Die Kosten des Rechtsstreits trägt die Klägerin
Das Urteil ist vorläufig vollstreckbar. Der Klägerin wird nachgelassen,
die Zwangsvollstreckung der Beklagten durch Sicherheitsleistung in
Höhe von 110 % des zu vollstreckenden Kostenerstattungsanspruchs
abzuwenden, wenn nicht diese zuvor Sicherheit in gleicher Höhe
leisten.
Die Revision wird zugelassen.
B E G R Ü N D U N G
1
I.
2
Die Klägerin hat in einer wettbewerbsrechtlichen Angelegenheit am 11.07.2006 beim
Landgericht Köln den Erlass von auf Unterlassung gerichteten einstweiligen
Verfügungen (Aktenzeichen 31 O 513/06 und 31 O 514/06) gegen die Beklagten erwirkt.
Ohne die Zustellung der Beschlussverfügungen zu veranlassen bzw. die Titel zu
erwähnen, hat sie die Beklagten mit anwaltlichen Schreiben vom 13.07.2006 wegen der
im Verfügungsverfahren verfolgten Verletzungshandlung abmahnen lassen. Nachdem
die Beklagten die vorbereiteten strafbewehrten Unterlassungsverpflichtungserklärungen
nicht abgegeben haben, hat sie am 20.07.2006 die Zustellung der Titel bewirkt, welche
im Verfahren nach Widerspruch der Beklagten durch Urteil der Kammer bestätigt und
3
inzwischen als endgültige Regelung anerkannt worden sind.
Die Klägerin begehrt nunmehr Freistellung von den Kosten der anwaltlichen
Abmahnschreiben vom 13.07.2006. Das Landgericht hat der Klage mit Urteil vom
10.05.2007, auf das hinsichtlich der weiteren Einzelheiten des Sachverhalts sowie der
Fassung der Anträge gemäß § 540 Abs. 1 Nr. 1 ZPO Bezug genommen wird,
stattgegeben. Die Kammer hat hierbei die Auffassung vertreten, dass sich der
Freistellungsanspruch in unmittelbarer Anwendung des § 12 Abs. 1 Satz 2 UWG
ergebe. Gegen diese Beurteilung wenden sich die Beklagten mit ihrem Rechtsmittel.
4
II.
5
Die Berufung ist zulässig und in der Sache begründet. Der Klägerin steht unter keinem
rechtlichen Gesichtspunkt ein Anspruch auf Freistellung von den für die
Abmahnschreiben vom 13.07.2006 entstandenen Rechtsanwaltsgebühren zu.

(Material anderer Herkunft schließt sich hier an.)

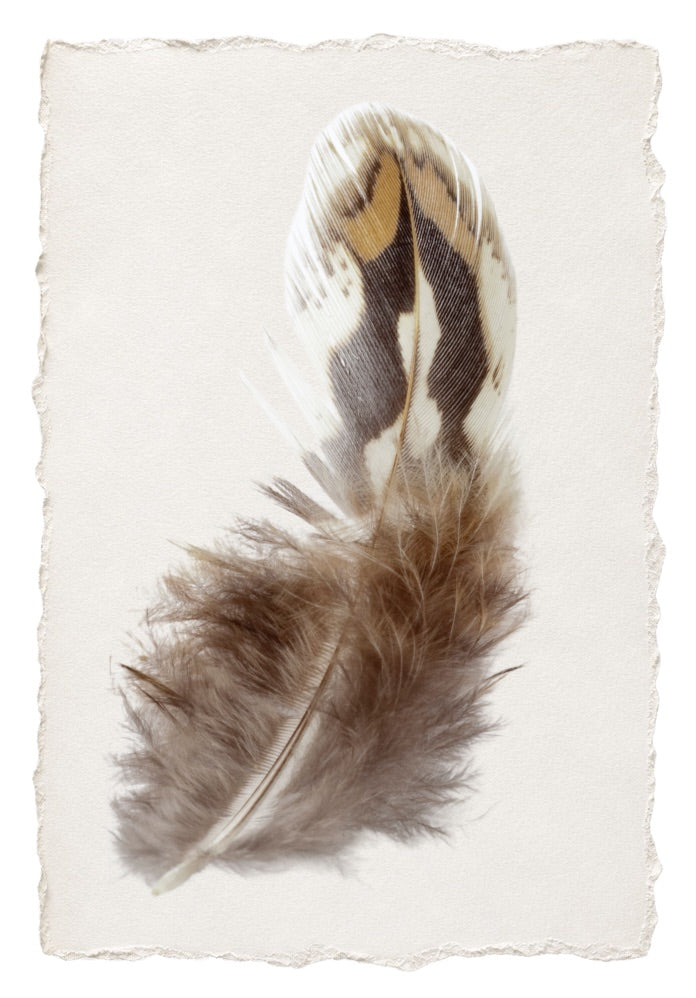 FEATHER 18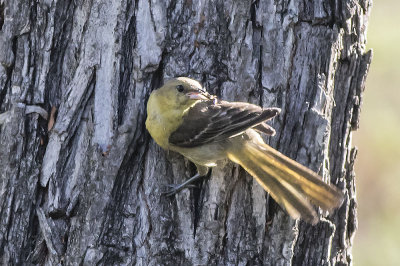 Hooded Oriole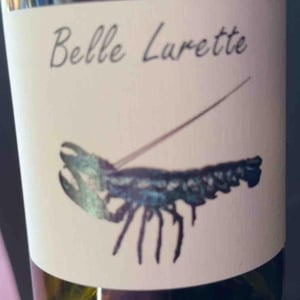 Belle Lurette - Domaine de La Belle - delphine-et-gilles-vazeux -2022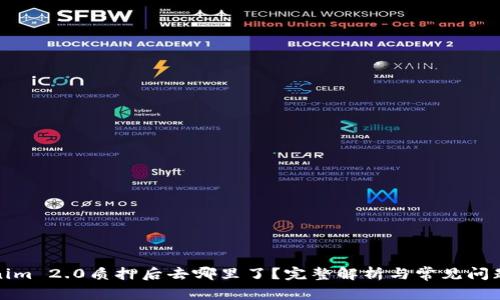 Tokenim 2.0质押后去哪里了？完整解析与常见问题解答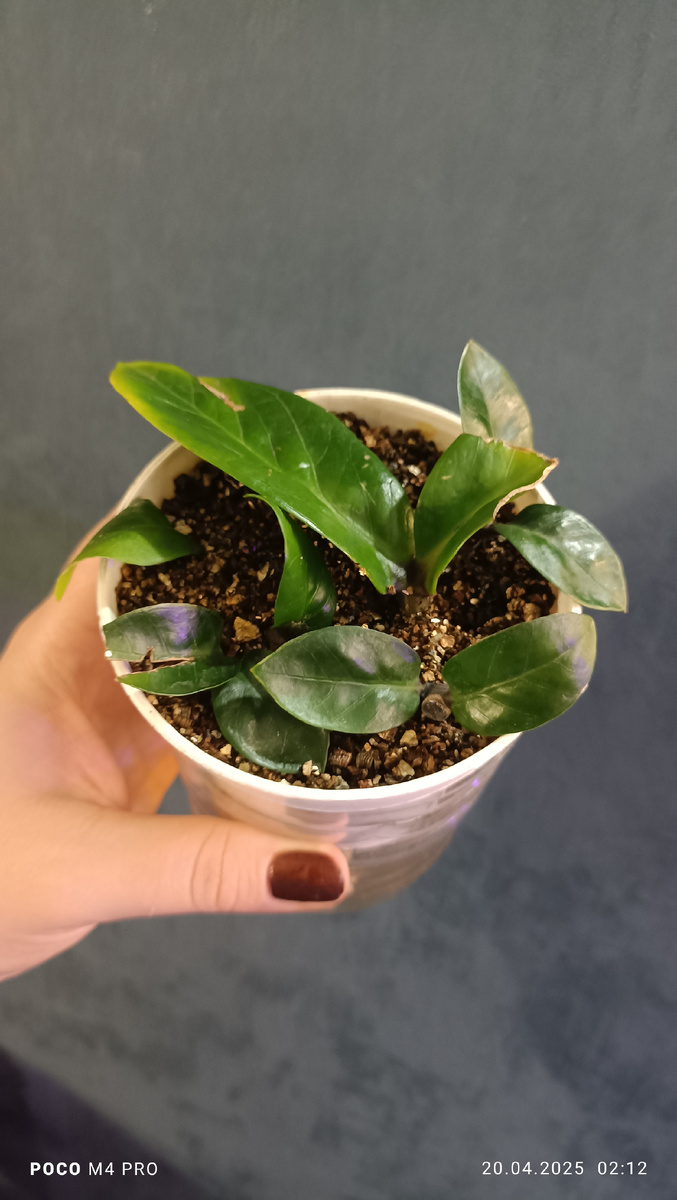 Недавние черенки зз зензи из эксперимента укоренения , теперь эксперимент фитиль 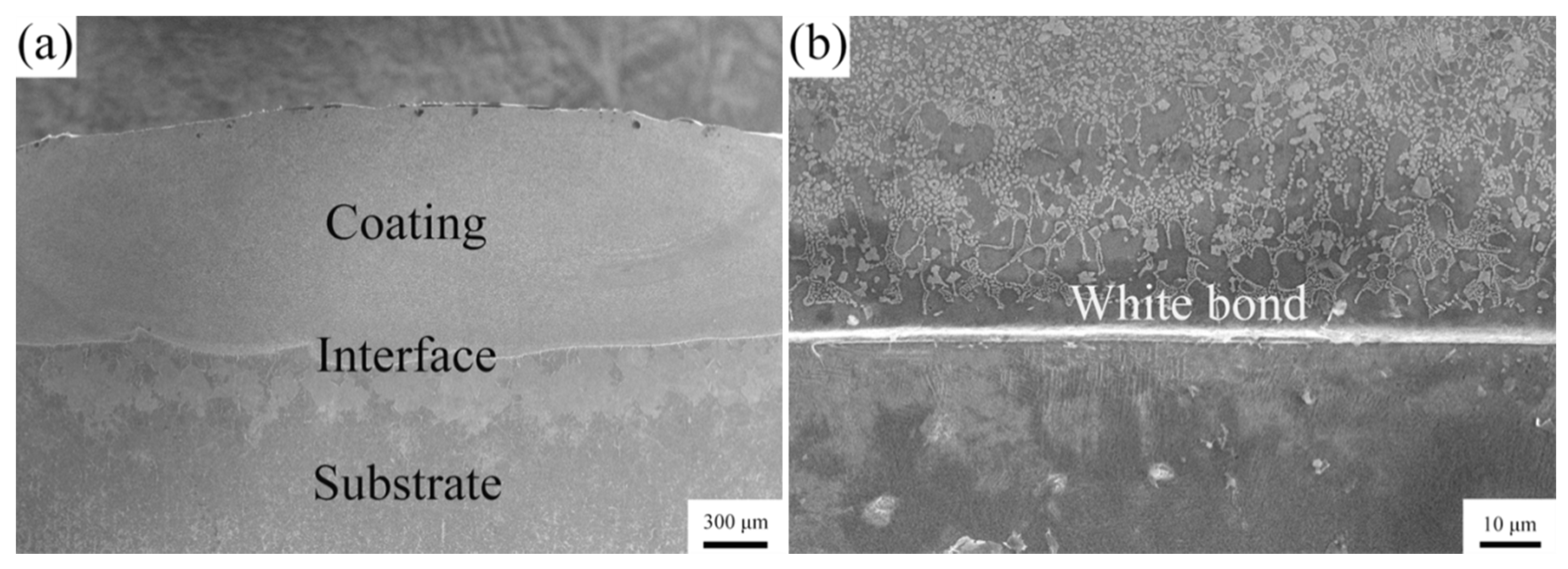 Coatings 11 00358 g002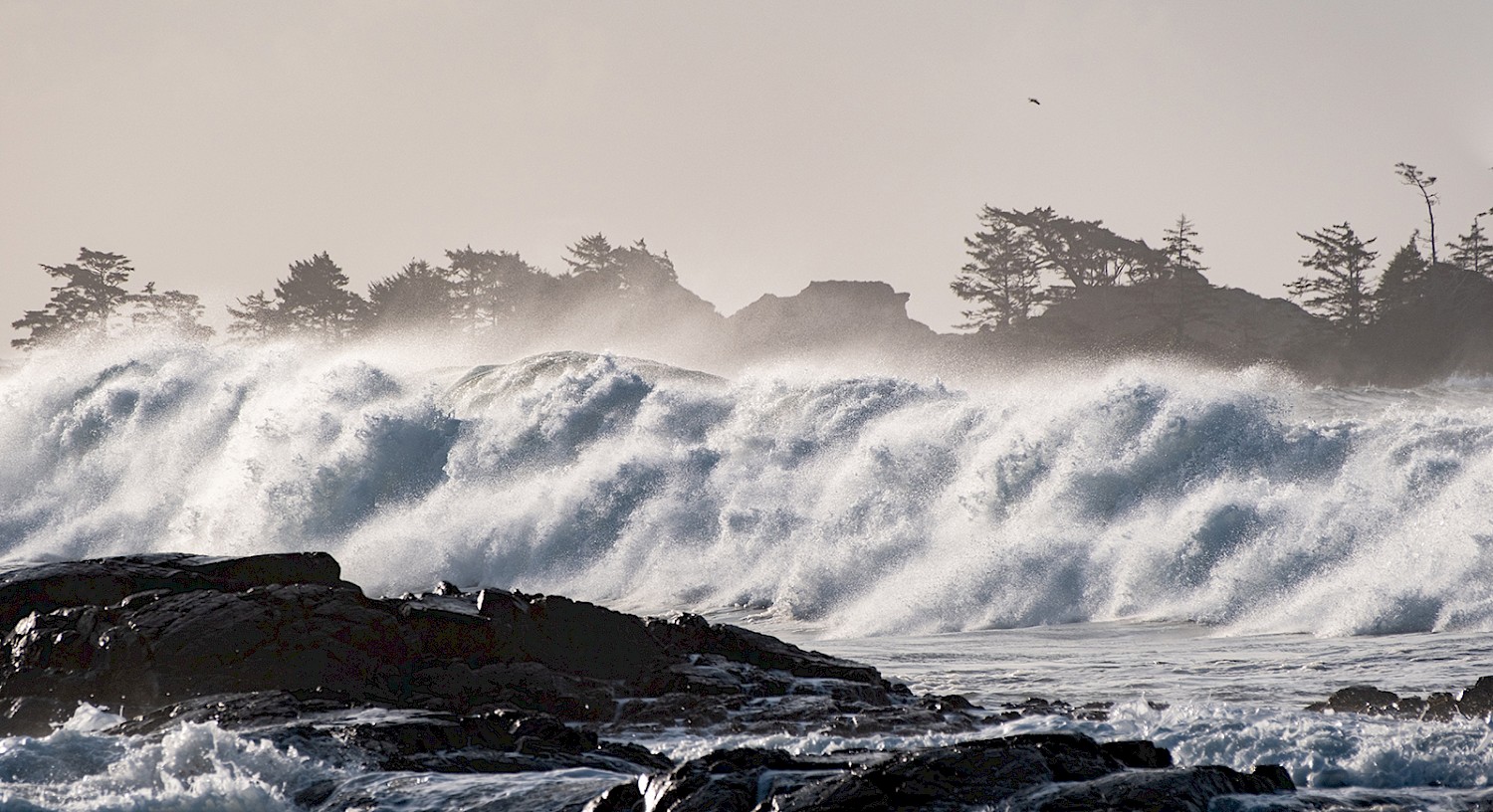 Large storm waves breaking against the rocks on Chesterman Beach with silhouetted trees from Frank Island in the background.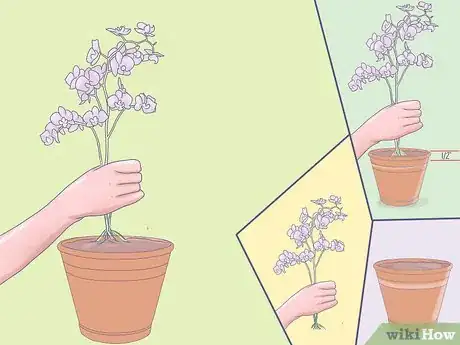 Image titled Care for Mini Orchids Step 9
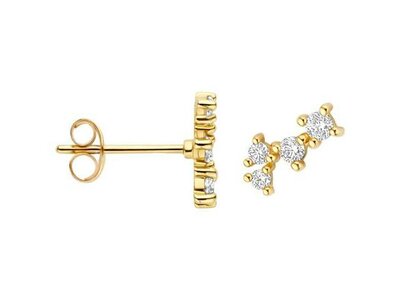 oorbellen - goud 14 kt | BLUSH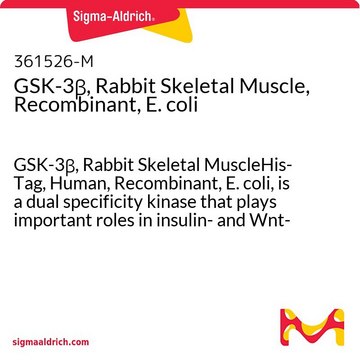 GSK-3&#946;, Rabbit Skeletal Muscle, Recombinant, E. coli GSK-3&#946;, Rabbit Skeletal MuscleHis-Tag, Human, Recombinant, E. coli, is a dual specificity kinase that plays important roles in insulin- and Wnt-mediated signaling. It is inactivated by phosphorylation at Ser9.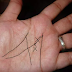 If You Have This Letter "M" On Your Palm, You Are Lucky - Here's Why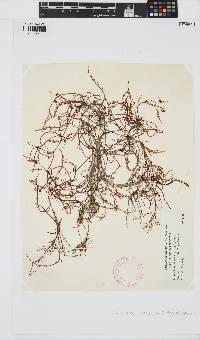 Image of Laurencia subopposita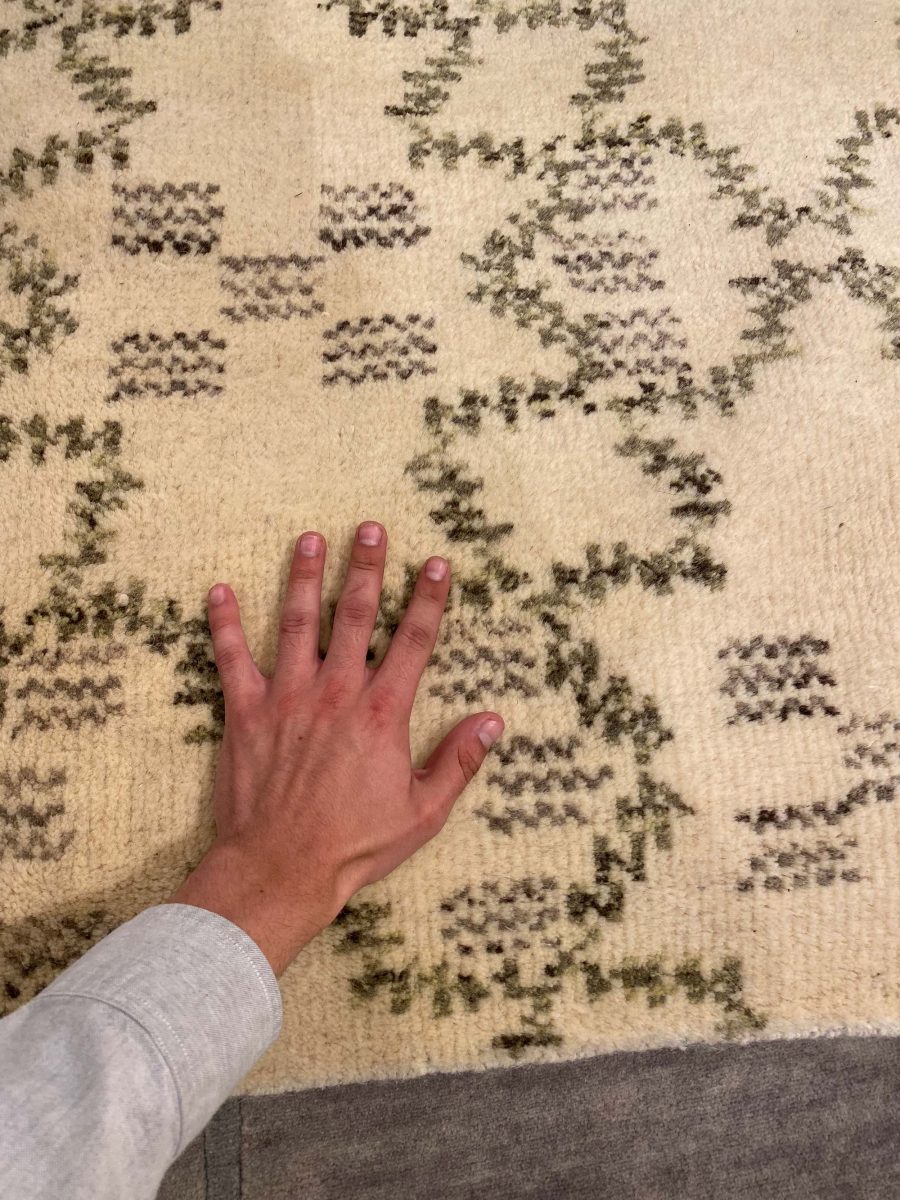 Doris Leslie Blau Collection Modern Paleo Rug in Ivory, Green, and Grey N10476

Insbesondere trägt § 12 Abs. 1 UWG das Erstattungsbegehren nicht, und zwar weder in
unmittelbarer noch in analoger Anwendung der Vorschrift.
6
1.
7
Nach Wortlaut, Entstehungsgeschichte und Zweck regelt § 12 Abs. 1 UWG
ausschließlich den Ersatz für die Kosten vorgerichtlicher Abmahnungen, bietet indes
keine Rechtsgrundlage für die Erstattung von Abmahnkosten in Fällen, in welchen die
Abmahnung erst nach Erlass einer (auf den nämlichen Unterlassungsanspruch
gerichteten) einstweiligen Verfügung des Wettbewerbsgerichts ausgesprochen wird.
8
§ 12 Abs. 1 Satz 1 UWG stellt ausdrücklich – nur – auf die Situation "vor Einleitung
eines gerichtlichen Verfahrens" ab. Nach Wortlaut und Syntax ("Soweit …") schließt
Satz 2 der Vorschrift unmittelbar an den Regelungsinhalt von Satz 1 an und bietet
deshalb keinen Anhaltspunkt für die Annahme, dass in Erweiterung des durch § 12 Abs.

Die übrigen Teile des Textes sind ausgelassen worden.